§ Directions:
Go through the lines below one by one and count those holding the string "Cardigan". Give the count alone.
━━━━━━━━━━━━━━━━━━━━
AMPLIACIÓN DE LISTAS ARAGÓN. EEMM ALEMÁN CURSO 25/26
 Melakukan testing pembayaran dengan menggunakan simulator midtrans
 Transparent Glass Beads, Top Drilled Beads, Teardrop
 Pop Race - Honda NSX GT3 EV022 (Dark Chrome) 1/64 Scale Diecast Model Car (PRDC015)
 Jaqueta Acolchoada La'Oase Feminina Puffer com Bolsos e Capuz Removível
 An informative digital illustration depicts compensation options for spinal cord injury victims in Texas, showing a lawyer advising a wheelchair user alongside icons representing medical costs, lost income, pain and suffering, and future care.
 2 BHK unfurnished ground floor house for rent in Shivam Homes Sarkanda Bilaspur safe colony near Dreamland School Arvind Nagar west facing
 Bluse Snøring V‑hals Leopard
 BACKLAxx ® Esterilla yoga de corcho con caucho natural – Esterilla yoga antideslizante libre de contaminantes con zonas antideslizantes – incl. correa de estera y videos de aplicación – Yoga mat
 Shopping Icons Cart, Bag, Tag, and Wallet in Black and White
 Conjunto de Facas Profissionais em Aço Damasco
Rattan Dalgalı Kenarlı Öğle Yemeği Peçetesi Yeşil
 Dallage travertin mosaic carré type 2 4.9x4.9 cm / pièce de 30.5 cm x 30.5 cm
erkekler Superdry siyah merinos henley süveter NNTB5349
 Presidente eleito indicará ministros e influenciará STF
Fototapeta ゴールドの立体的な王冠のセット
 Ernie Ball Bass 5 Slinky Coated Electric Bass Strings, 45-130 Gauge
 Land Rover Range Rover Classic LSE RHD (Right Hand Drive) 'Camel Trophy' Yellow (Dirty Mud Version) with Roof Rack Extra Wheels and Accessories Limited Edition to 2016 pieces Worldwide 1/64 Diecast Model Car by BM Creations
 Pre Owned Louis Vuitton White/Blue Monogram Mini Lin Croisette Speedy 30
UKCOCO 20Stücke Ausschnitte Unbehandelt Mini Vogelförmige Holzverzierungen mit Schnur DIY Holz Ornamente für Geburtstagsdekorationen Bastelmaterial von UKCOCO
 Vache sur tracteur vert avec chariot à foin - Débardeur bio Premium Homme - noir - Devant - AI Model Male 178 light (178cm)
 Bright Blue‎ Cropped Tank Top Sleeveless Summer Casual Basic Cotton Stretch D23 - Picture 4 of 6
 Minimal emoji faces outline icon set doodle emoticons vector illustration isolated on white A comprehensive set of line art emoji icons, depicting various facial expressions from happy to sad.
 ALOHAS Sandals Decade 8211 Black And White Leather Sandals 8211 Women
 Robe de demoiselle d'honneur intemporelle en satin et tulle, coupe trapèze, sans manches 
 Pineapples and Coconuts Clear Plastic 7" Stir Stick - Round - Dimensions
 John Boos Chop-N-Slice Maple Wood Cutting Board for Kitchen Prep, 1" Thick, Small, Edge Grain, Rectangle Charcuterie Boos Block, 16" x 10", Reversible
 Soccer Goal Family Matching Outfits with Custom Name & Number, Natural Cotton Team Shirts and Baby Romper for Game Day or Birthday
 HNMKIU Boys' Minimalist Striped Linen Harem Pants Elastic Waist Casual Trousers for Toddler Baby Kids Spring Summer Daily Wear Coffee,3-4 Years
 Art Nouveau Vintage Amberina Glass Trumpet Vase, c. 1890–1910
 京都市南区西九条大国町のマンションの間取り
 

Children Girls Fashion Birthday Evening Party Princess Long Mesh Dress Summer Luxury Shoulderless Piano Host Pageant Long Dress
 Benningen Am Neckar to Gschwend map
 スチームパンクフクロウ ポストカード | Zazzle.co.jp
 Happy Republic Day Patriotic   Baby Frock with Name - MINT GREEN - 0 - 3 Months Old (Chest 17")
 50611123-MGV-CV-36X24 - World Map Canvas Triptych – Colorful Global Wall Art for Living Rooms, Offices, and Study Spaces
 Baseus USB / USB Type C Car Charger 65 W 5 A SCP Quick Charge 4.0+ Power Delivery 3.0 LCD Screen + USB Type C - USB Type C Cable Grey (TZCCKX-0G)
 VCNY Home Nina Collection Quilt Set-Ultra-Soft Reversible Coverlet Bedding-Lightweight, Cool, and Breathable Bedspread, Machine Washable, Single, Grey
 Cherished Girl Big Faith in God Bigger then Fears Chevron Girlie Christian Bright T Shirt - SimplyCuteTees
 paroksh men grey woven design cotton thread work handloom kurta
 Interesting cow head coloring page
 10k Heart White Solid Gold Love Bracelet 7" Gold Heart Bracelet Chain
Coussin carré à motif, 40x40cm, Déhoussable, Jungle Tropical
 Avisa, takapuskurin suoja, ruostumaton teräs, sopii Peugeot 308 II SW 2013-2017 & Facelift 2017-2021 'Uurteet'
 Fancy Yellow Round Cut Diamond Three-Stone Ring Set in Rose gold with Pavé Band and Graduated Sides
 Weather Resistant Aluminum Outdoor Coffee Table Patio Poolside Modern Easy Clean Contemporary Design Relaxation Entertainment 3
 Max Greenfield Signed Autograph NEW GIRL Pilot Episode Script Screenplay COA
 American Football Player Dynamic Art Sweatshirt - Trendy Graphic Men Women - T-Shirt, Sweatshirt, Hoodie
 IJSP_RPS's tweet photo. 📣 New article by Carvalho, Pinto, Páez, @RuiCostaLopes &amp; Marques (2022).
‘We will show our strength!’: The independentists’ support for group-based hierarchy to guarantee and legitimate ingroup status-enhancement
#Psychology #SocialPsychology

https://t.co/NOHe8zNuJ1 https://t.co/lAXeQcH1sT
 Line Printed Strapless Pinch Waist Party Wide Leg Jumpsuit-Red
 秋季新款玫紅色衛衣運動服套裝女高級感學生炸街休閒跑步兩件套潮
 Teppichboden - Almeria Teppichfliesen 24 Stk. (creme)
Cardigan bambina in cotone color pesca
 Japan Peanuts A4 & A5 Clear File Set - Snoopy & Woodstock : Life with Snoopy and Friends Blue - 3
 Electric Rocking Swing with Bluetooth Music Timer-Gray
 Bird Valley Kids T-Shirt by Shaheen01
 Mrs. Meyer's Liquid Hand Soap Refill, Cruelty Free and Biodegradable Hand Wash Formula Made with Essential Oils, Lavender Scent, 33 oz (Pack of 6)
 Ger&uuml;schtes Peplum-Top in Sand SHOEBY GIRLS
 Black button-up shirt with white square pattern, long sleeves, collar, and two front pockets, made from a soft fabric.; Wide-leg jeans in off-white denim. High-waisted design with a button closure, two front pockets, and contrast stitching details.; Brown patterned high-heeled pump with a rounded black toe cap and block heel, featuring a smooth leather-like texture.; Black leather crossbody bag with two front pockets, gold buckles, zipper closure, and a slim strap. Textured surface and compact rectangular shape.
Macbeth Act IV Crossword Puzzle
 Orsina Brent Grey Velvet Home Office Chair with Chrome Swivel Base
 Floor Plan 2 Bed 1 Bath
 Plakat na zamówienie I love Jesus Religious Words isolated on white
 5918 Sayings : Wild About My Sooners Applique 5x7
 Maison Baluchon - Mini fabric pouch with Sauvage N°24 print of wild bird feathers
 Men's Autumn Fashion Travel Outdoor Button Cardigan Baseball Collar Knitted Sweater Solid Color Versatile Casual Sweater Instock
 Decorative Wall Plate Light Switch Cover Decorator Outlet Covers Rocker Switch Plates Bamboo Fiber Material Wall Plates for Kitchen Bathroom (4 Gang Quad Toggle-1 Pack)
━━━━━━━━━━━━━━━━━━━━
§ Solution:
2